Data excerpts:
......

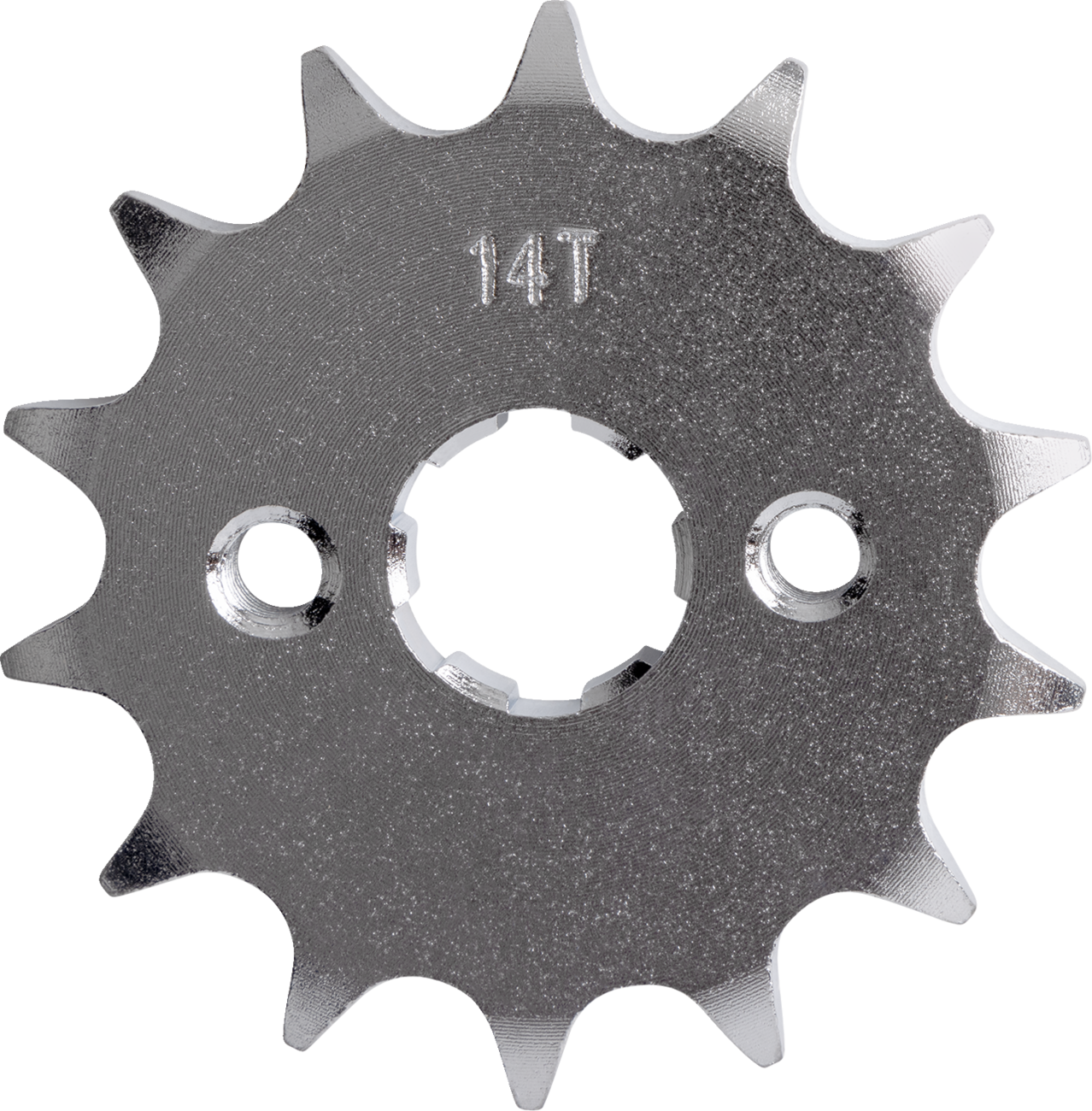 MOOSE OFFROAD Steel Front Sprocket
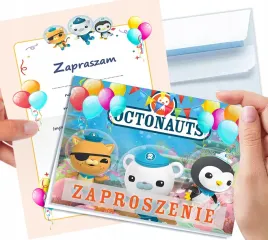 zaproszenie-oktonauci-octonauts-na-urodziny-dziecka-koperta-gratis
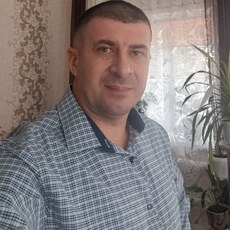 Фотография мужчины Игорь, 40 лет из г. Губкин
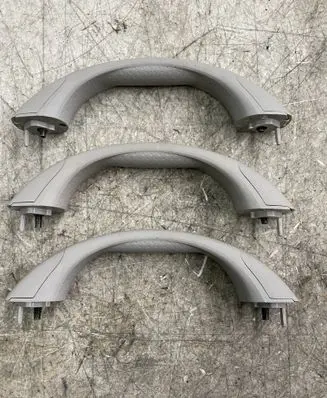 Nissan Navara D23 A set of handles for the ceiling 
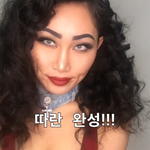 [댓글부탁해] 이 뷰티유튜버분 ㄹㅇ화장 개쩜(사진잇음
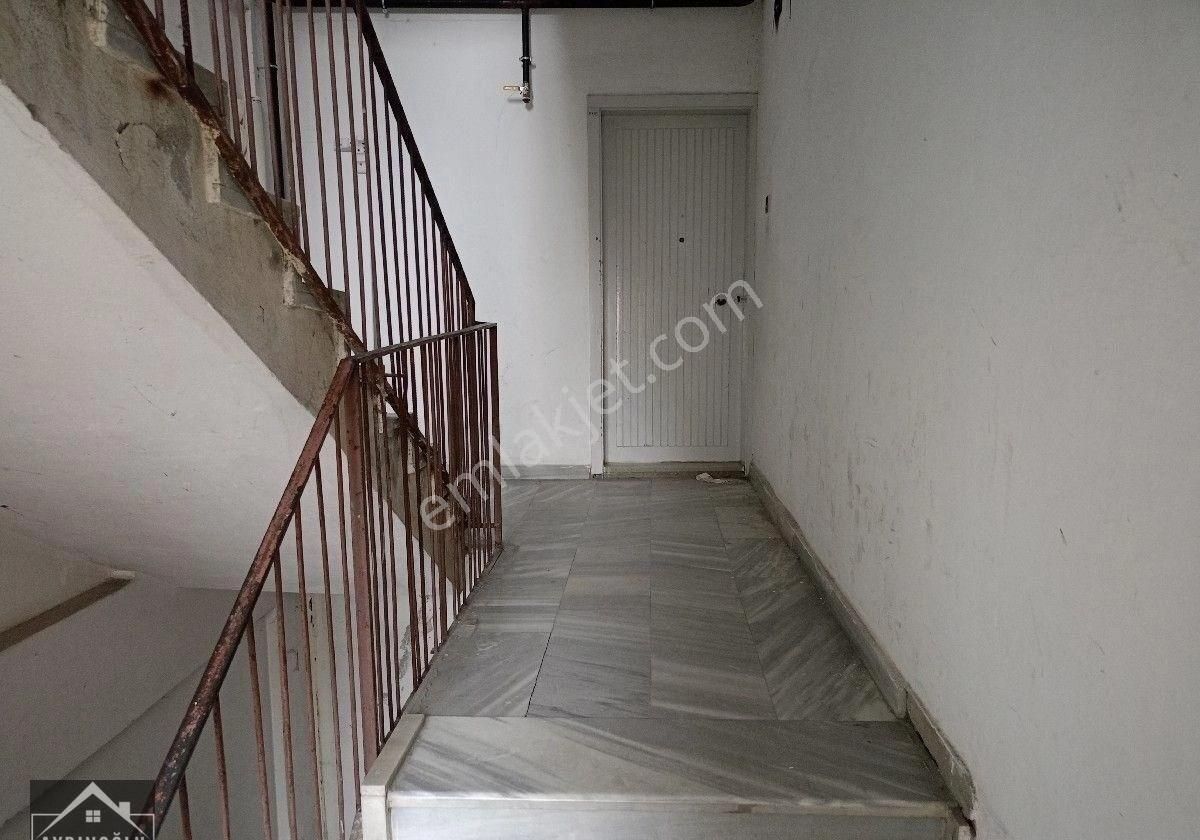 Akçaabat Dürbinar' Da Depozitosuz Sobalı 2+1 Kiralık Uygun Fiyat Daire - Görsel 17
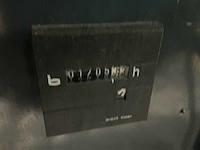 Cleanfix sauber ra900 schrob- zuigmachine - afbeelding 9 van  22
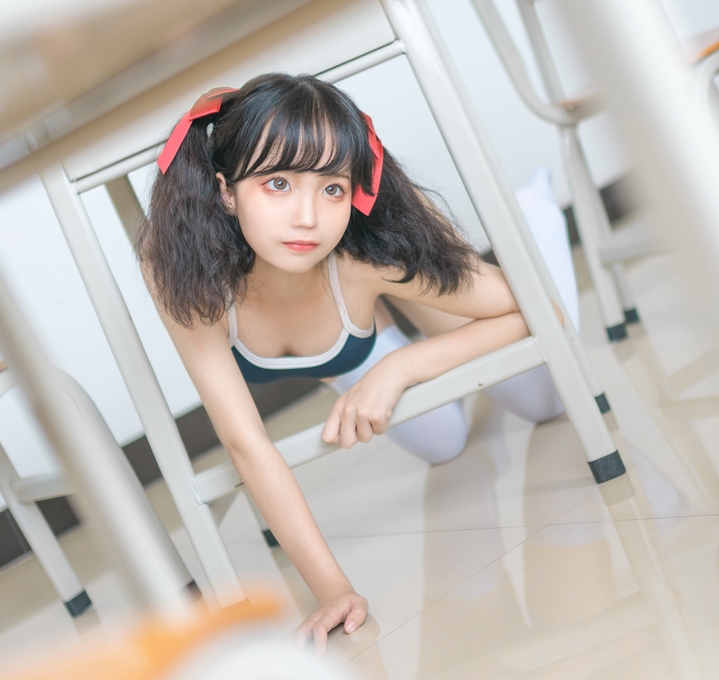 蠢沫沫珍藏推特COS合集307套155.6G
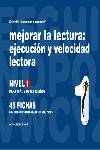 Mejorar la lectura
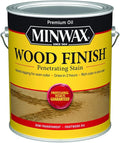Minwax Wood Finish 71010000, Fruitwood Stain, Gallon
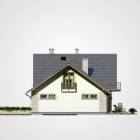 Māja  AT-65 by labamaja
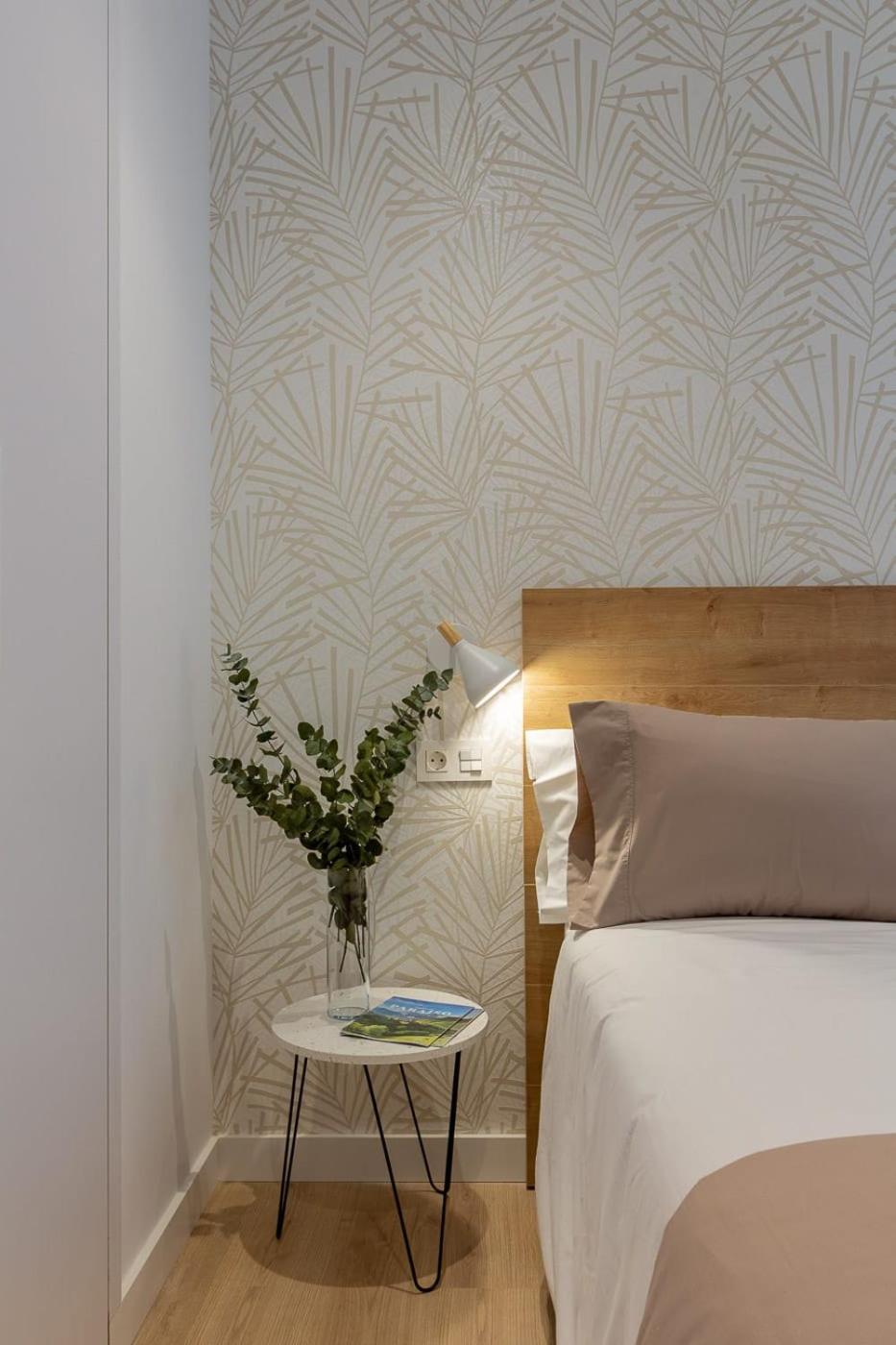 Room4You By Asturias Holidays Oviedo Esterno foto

......

▶ _YOUR TASK_
Transcribe all of the data above verbatim but omit every picture.

▶ _ANSWER SECTION_
 MOOSE OFFROAD Steel Front Sprocket
 zaproszenie-oktonauci-octonauts-na-urodziny-dziecka-koperta-gratis
 Фотография мужчины Игорь, 40 лет из г. Губкин
 Nissan Navara D23 A set of handles for the ceiling 
 [댓글부탁해] 이 뷰티유튜버분 ㄹㅇ화장 개쩜(사진잇음
 Akçaabat Dürbinar' Da Depozitosuz Sobalı 2+1 Kiralık Uygun Fiyat Daire - Görsel 17
 Cleanfix sauber ra900 schrob- zuigmachine - afbeelding 9 van  22
 蠢沫沫珍藏推特COS合集307套155.6G
 Mejorar la lectura
Minwax Wood Finish 71010000, Fruitwood Stain, Gallon
 Māja  AT-65 by labamaja
 Room4You By Asturias Holidays Oviedo Esterno foto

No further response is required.